Painters are a precious bunch, can’t take a joke they can’t. You don’t joke with God, he doesn’t have a sense of humour, (though the platypus is funny). Painters are like those irritatingly anal guitarists; the ones who labour over their tunes, loving the life out of them. Loving the hell out of ‘em. Rehearsals every other night but no gigs, it’s not ready yet. They’re takers, from their badmates, I men, I mean, bandmates. And not good sharers. Can’t jam for shit, they’re scaredy cats. They’re scared of the mistakes they might make, but awfully quick to point out the mistakes of everyone else. Lots of painters, just like lots of guitarists, prefer doing it on their own and maybe that’s just as well. Whatever it takes to lighten the hell up and drop the pretentiousness, I mean, earnestness.

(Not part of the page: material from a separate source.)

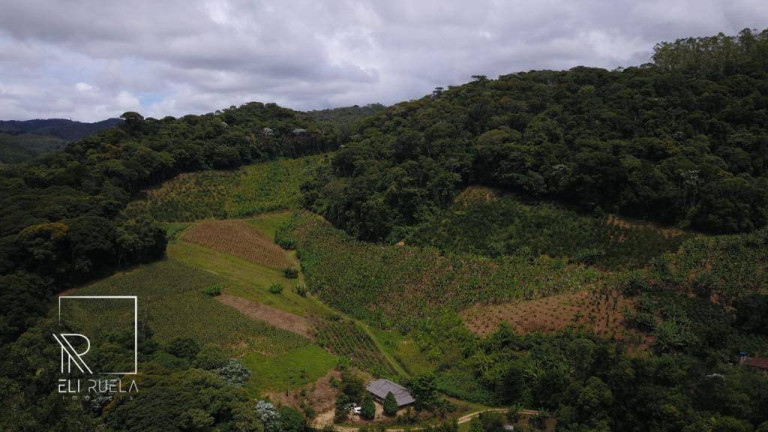 Imagem Chácara com 3 Quartos à Venda, 30.000 m² em Boa Esperança - Marechal Floriano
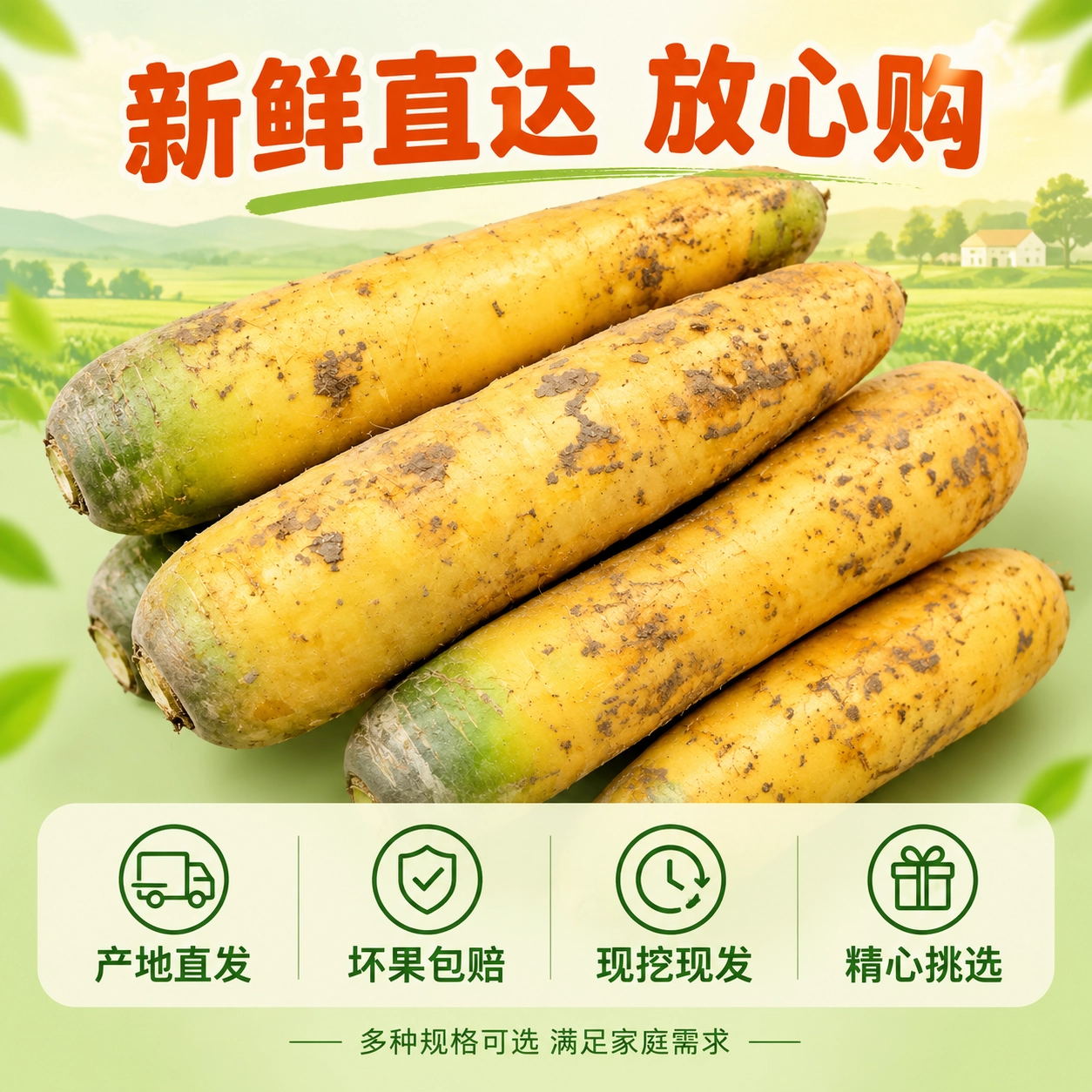 新疆黄萝卜红黄胡萝卜组合装新鲜农家自种蔬菜手抓饭榨汁凉拌萝卜 黄胡萝卜+红胡萝卜双拼4.5斤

Straight white male painters are to the art world what rich straight white men are to society at large. They’ve got it all right stitched up. Straight white male painters are the art market, plain and simple, and if you don’t believe me grab an Auction cattledog, I mean catalogue and take a look at what’s selling out. Painting. More paintings, by straight white men. But that’s not enough for straight white male painters, they still find shit to whinge about. Never bloody satisfied, the straight white male painters need is a dark abyss. Like a sinkhole. They like to wax lyrical down the pub: ‘Biennales and Triennales and Documentas don’t include paintings. They love video artists. We’re being discriminated against. Painting is dying. Do you guys want to kill the paintings of straight white men? ’ There’s a pregnant pause, they continue quickly, they’re like, ‘God, I didn’t ask to be born a painter, creating products that the mega wealthy can adorn their walls with. Like spice racks.’
‘The canvas makes a comeback’ declares the infomercial writing about the Painting. More Painting show at ACCA, the first major survey of contemporary painting in over a decade. And you want to scream. Because canvas never went anywhere. Paintings have always been front and centre. Painters have always enjoyed top billing over the range and scope of artistic genres and that doesn’t look set to change anytime soon.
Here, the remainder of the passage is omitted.